Given information START

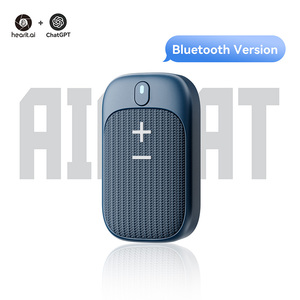 Lightweight Outdoor <b>Speaker</b> BLE ChatGPT Magnetic Mount Type C Rechargeable Unit Wireless BLE Chatgpt <b>Microphone</b> Translate - Product Image 3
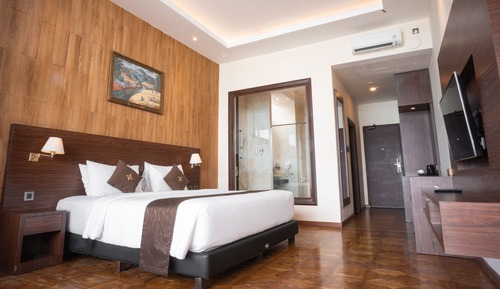 Premier Double or Twin Room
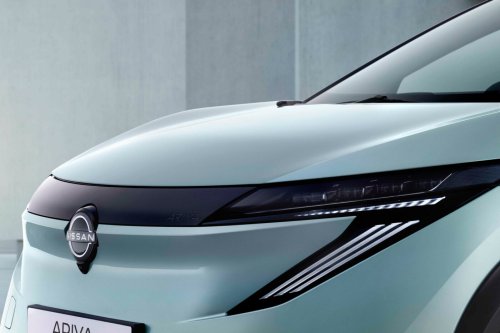 Nissan, Nissan equips the Ariya with new features for the upcoming Model Year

Given information END

* _Exercise objective_
Print the listing again exactly as it appears, except for the pictures, which stay out.

* _Answer box_
 Lightweight Outdoor <b>Speaker</b> BLE ChatGPT Magnetic Mount Type C Rechargeable Unit Wireless BLE Chatgpt <b>Microphone</b> Translate - Product Image 3
 Premier Double or Twin Room
 Nissan, Nissan equips the Ariya with new features for the upcoming Model Year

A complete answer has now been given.